Im März 2019 nahm der alleinstehende Organist ein Kirchenmusikstudium an der Hochschule für Evangelische Kirchenmusik in Bayreuth auf, ließ seine Eigentumswohnung in Bremen hinter sich und verlegte in die Stadt im Bundesland Bayern auch seinen Lebensmittelpunkt, zugunsten vieler Dinge, von denen er schwärmt, beispielsweise Orgelunterricht bei Professor Torsten Laux (Orgelliteraturspiel) und Kirchenmusikdirektor Reiner Gaar (Liturgisches Orgelspiel).
Im Alter von 58 Jahren beendet Johannes Sommer nun bald das zweite Semester und schwärmt immer noch von seinem Studium, insbesondere erwähnt er dreitägigen Meisterkursus Orgel "Von Reger zu Ligeti – Schlüsselwerke der Moderne“ mit Professor Roman Summereder von Universität für Musik und darstellende Kunst aus Wien.

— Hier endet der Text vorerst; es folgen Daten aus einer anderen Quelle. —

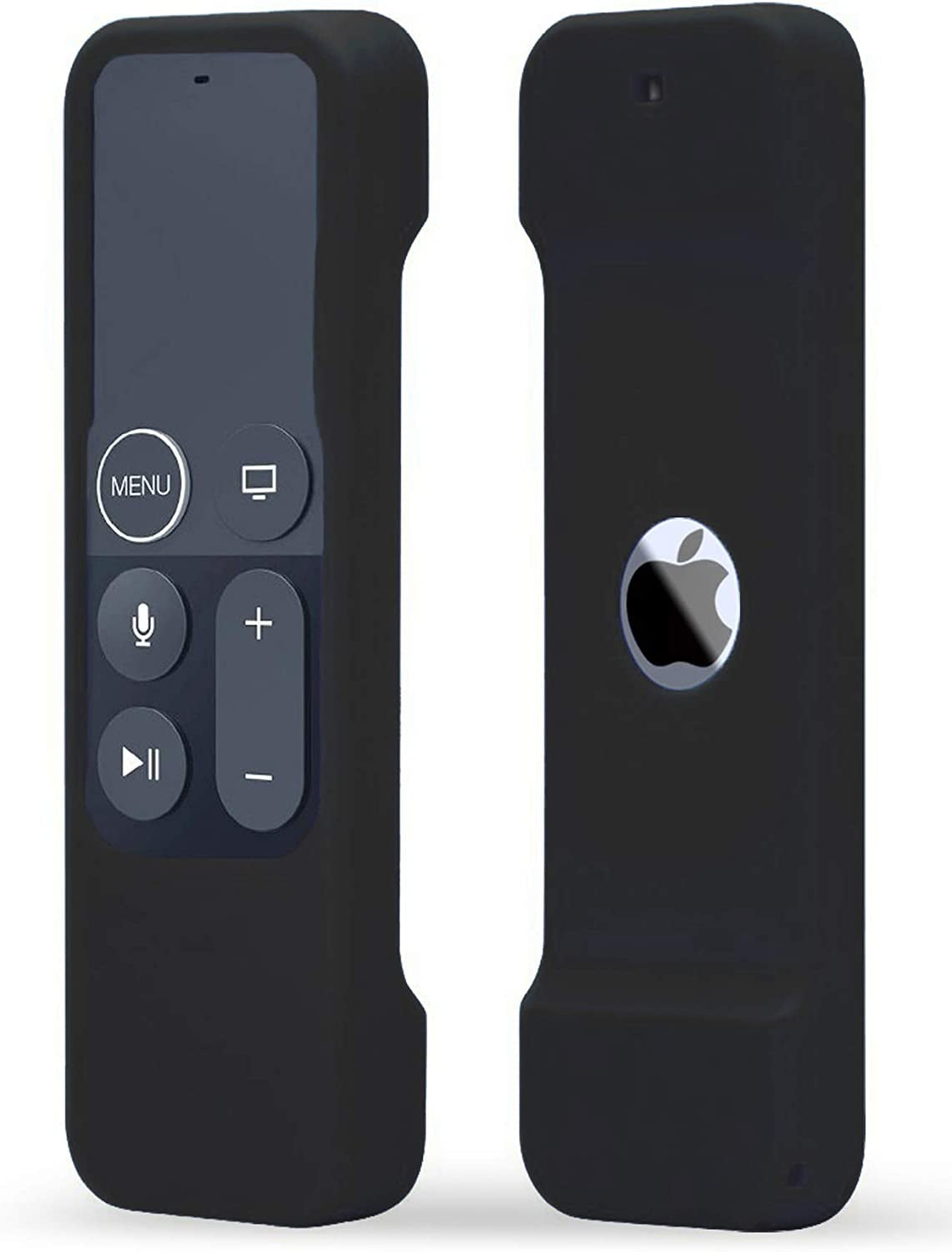 TOKERSE Silicone Case Anti-Slip Shock Proof Soft Remote Cover Compatible with Apple TV 4K 4Th 5Th Gen Siri Remote Controller - Black
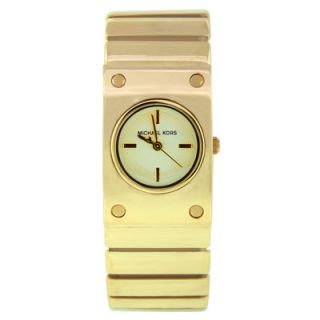 Michael Kors Womens Classic Watch with Goldtone Dial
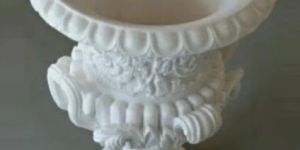 14 Inch Round Marble Pot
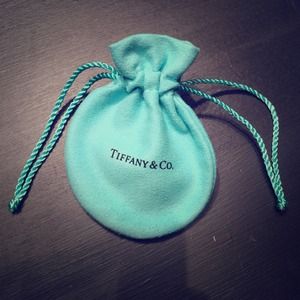 Small Tiffany jewelry bag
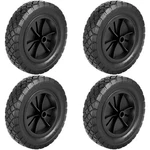 4 Pack 8 Inch Rubber Tire Semi-pneumatic Plastic Wheel With 1/2-inch Bor.... Fixed Price $35.88.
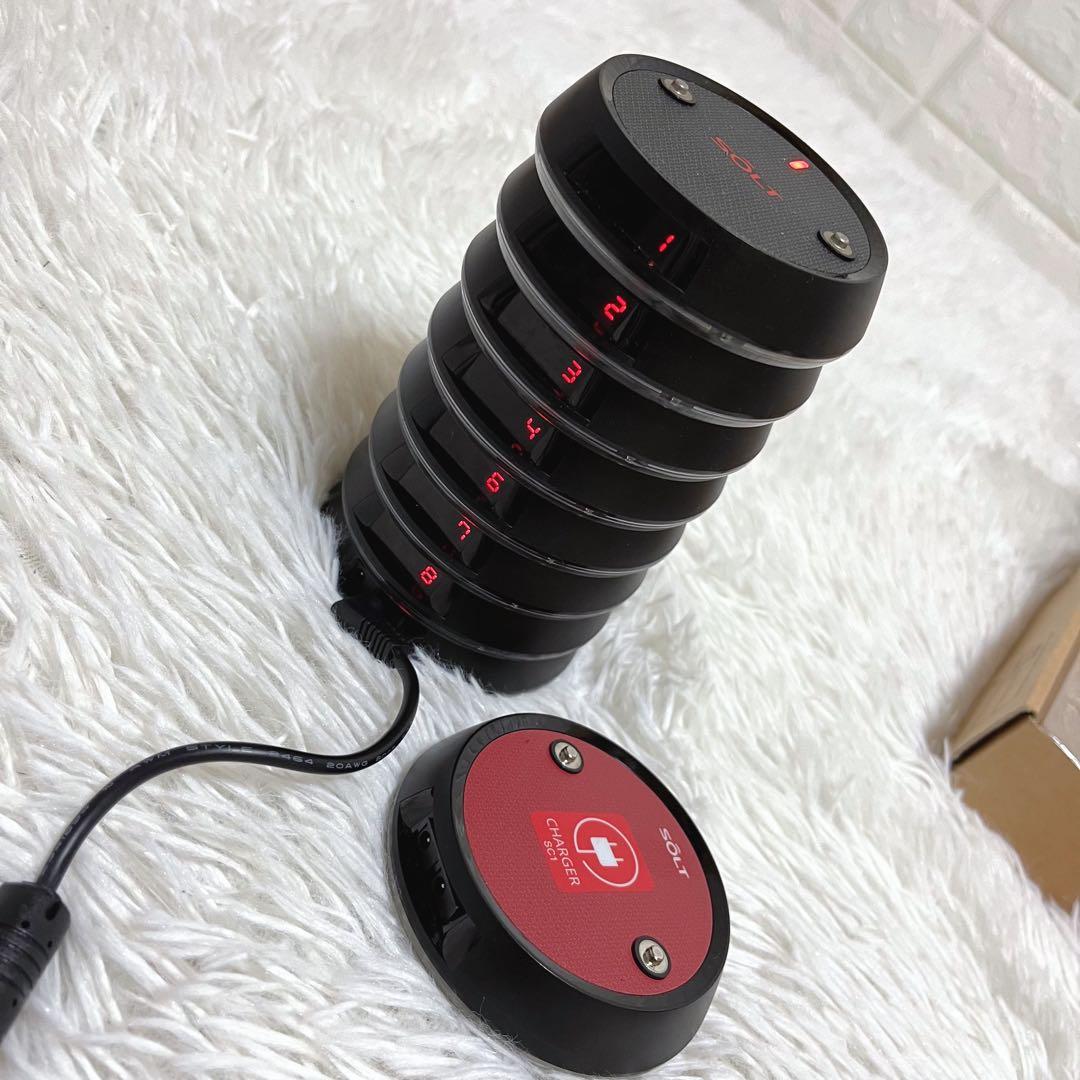 SOLT SQ100 ワイヤレスチャイム 送信機2台+充電器2台+受信機7台の通販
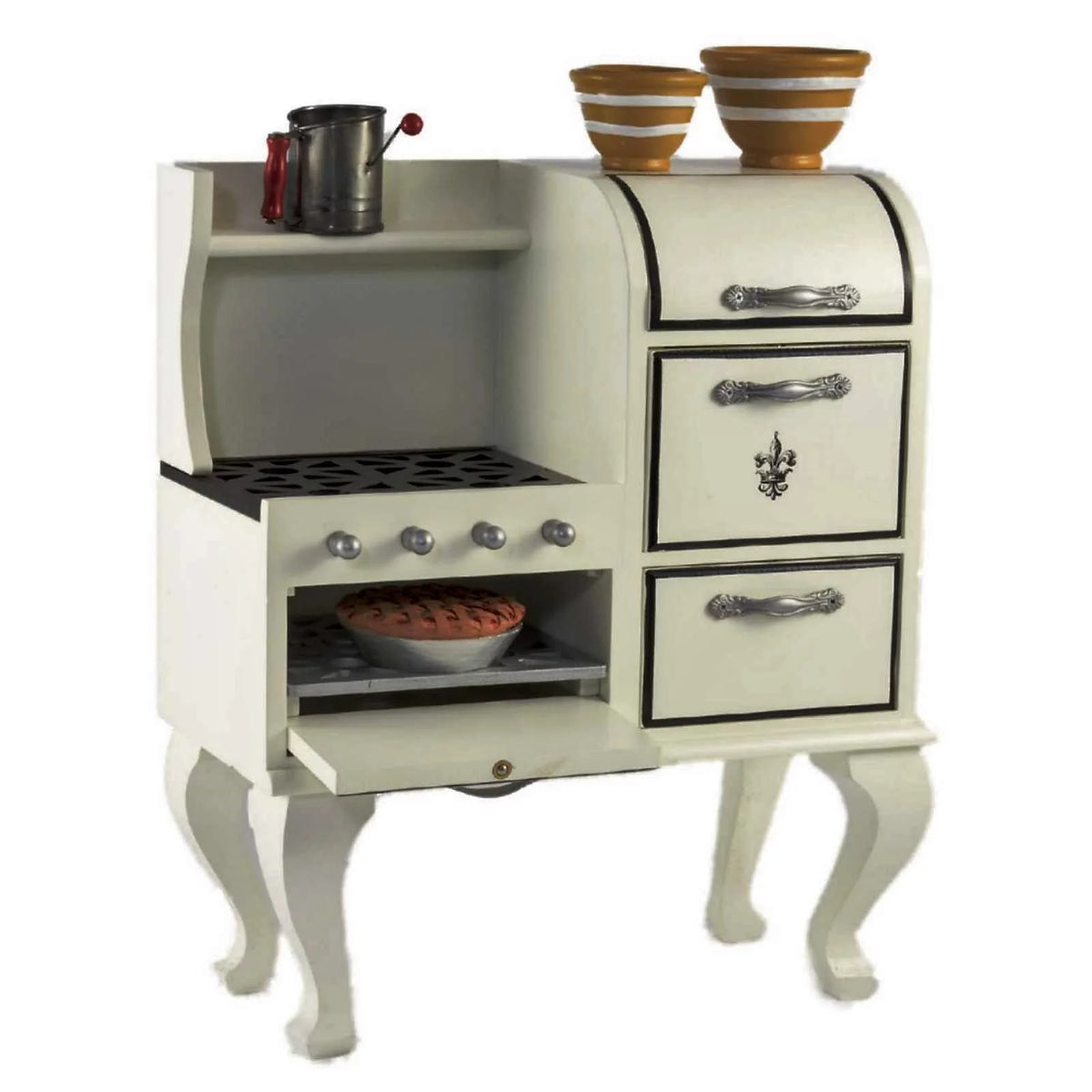 18 inch Doll Wooden Cook Stove & Oven G2794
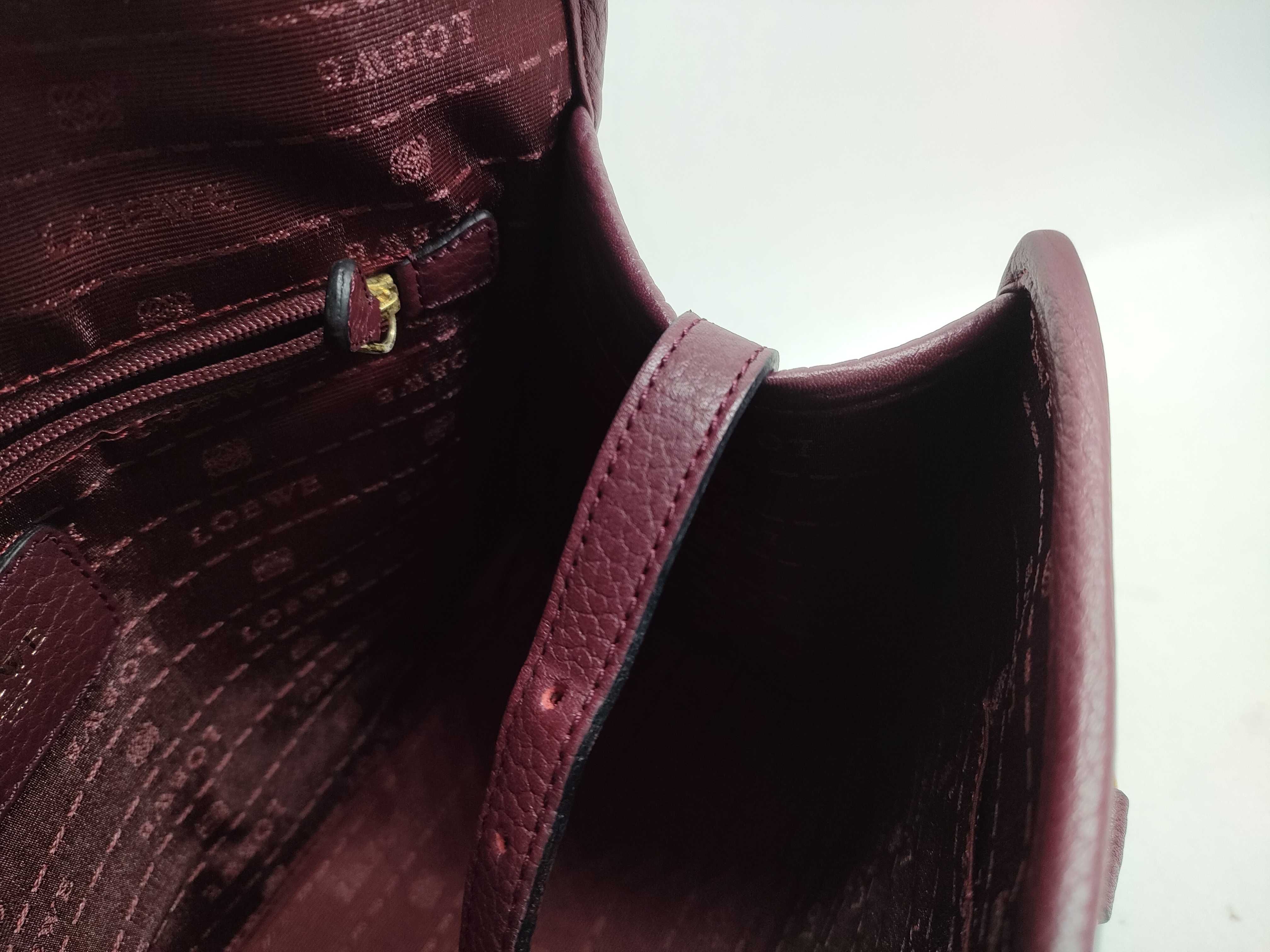Alamo Bordeaux Gold Hardware 2-way Handbag — view 11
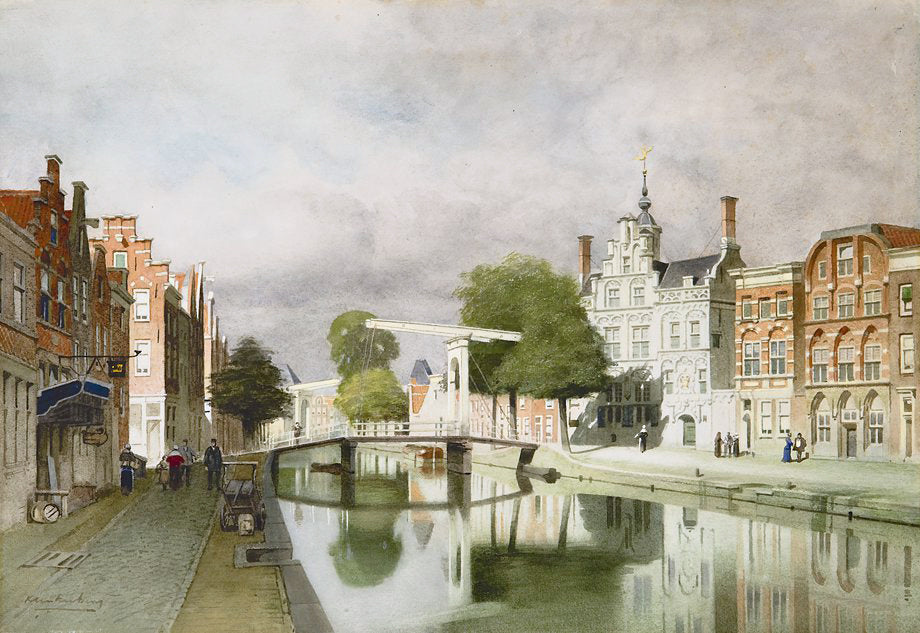 l called Oude Delft by Johannes Christiaan Karel Klinkenberg,A3(16x12")Poster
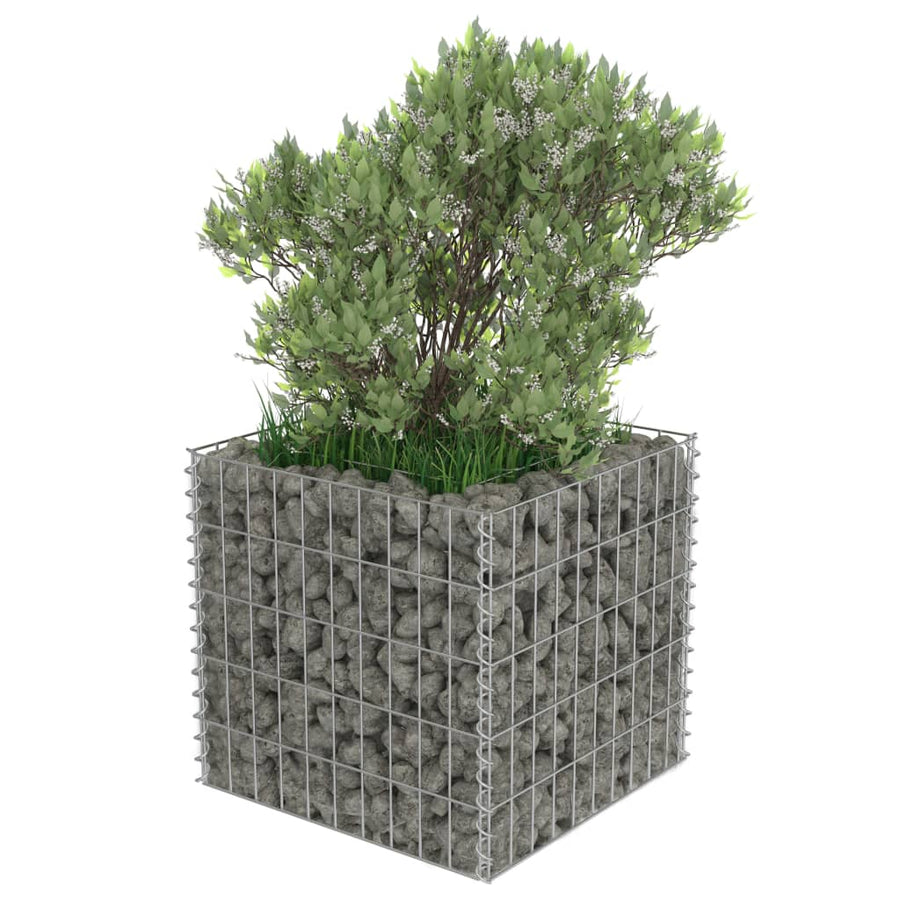 Gabion Plantenbak Verhoogd Gegalvaniseerd Staal 50 x 50 x 50 cm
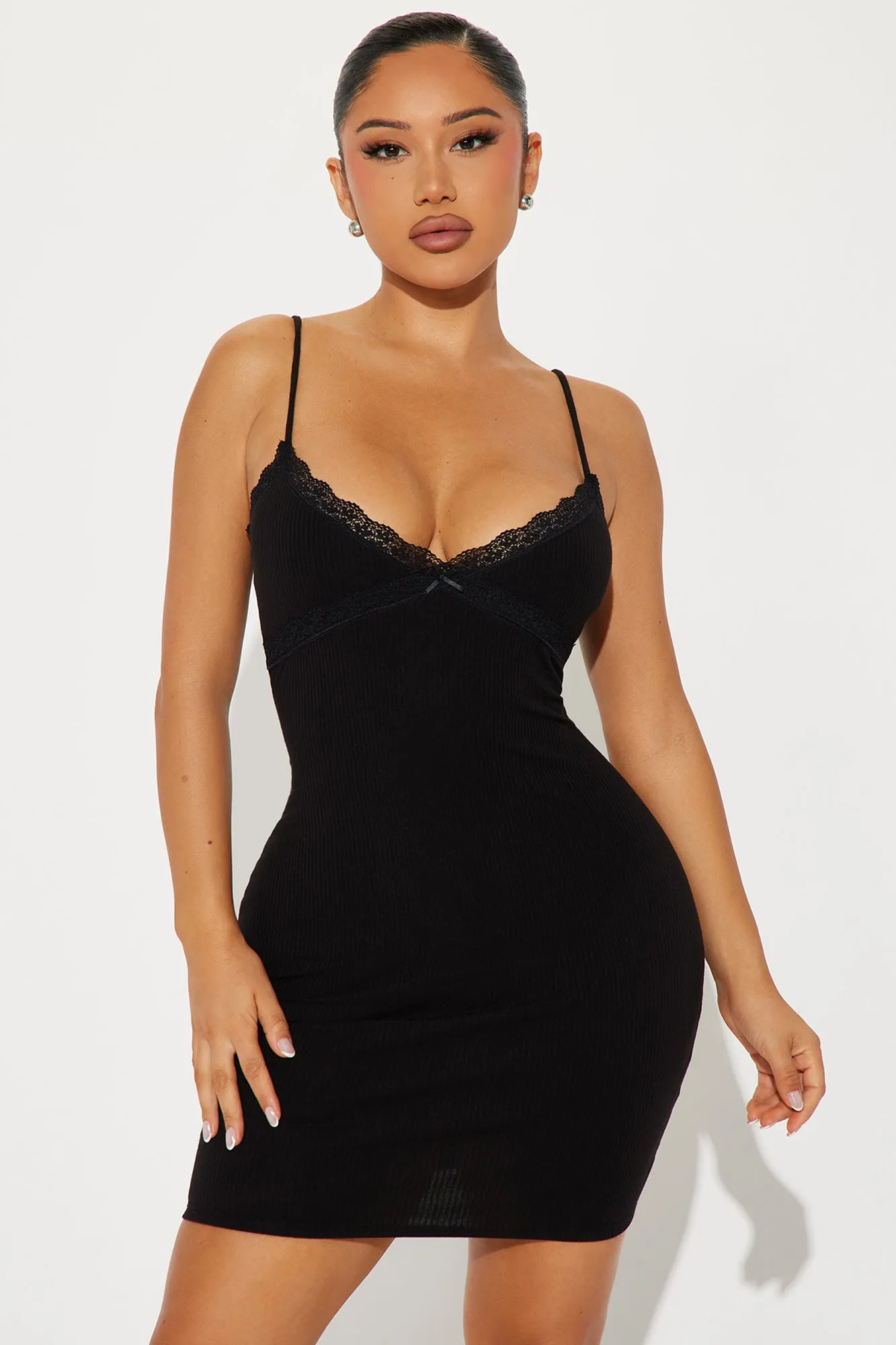 Forever Type Love Mini Dress - Black sold by Fashion Nova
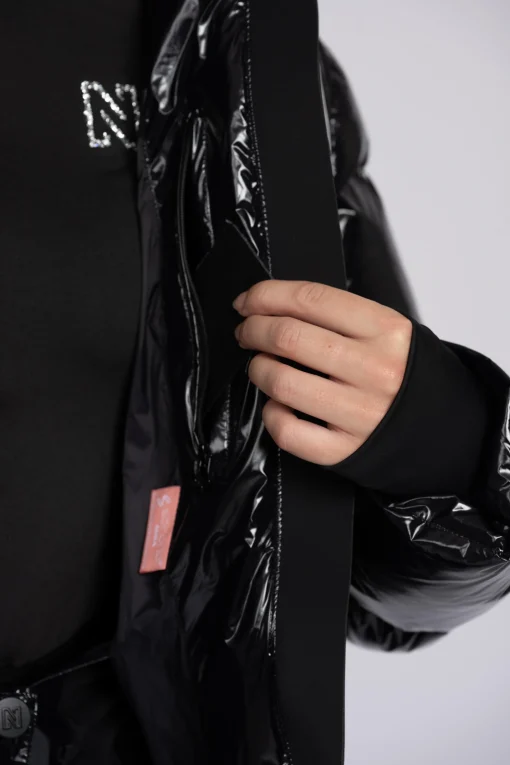 Ski jas met metallic look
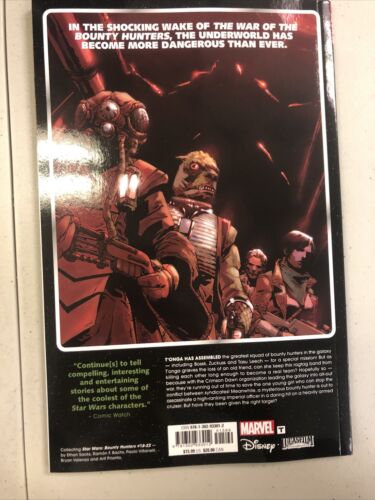 Star Wars Bounty Hunters Crimson Reign (2022) Marvel  TPB SC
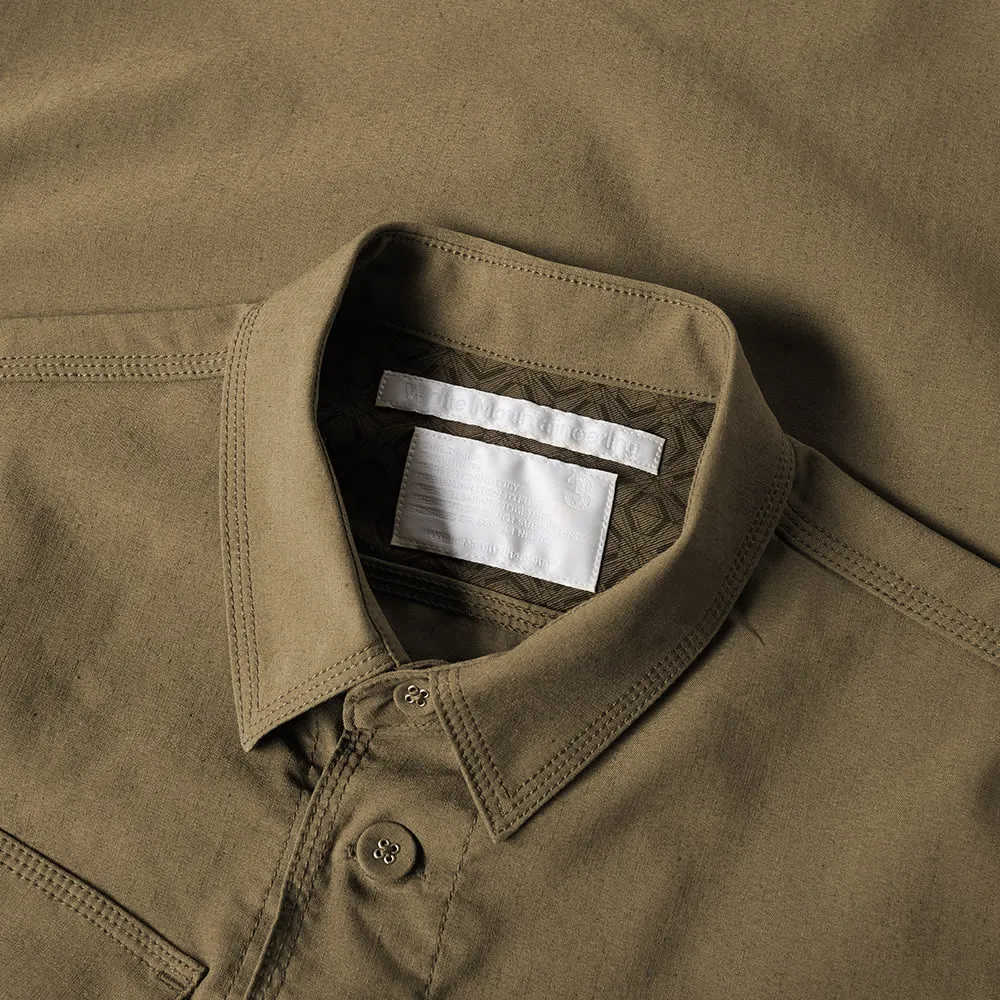 White Mountaineering Military Shirt JacketKhaki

Und noch eines hat ihm sein Studium ermöglicht, seit September 2019 ist Johannes Sommer ebenso auf Reisen – unterwegs zu Orgelkonzerten in Nord- und Süddeutschland. Unter anderem eben auch in der Stadtkirche in Vegesack, Kirchheide. Hier präsentiert er am Sonnabend, 1. Februar, in der Reihe „Musik um 12“ an der Orgel Werke von Bach und weiteren Komponisten rund um das Lichtmess-Thema: „Mit Fried' und Freud' ich fahr dahin“.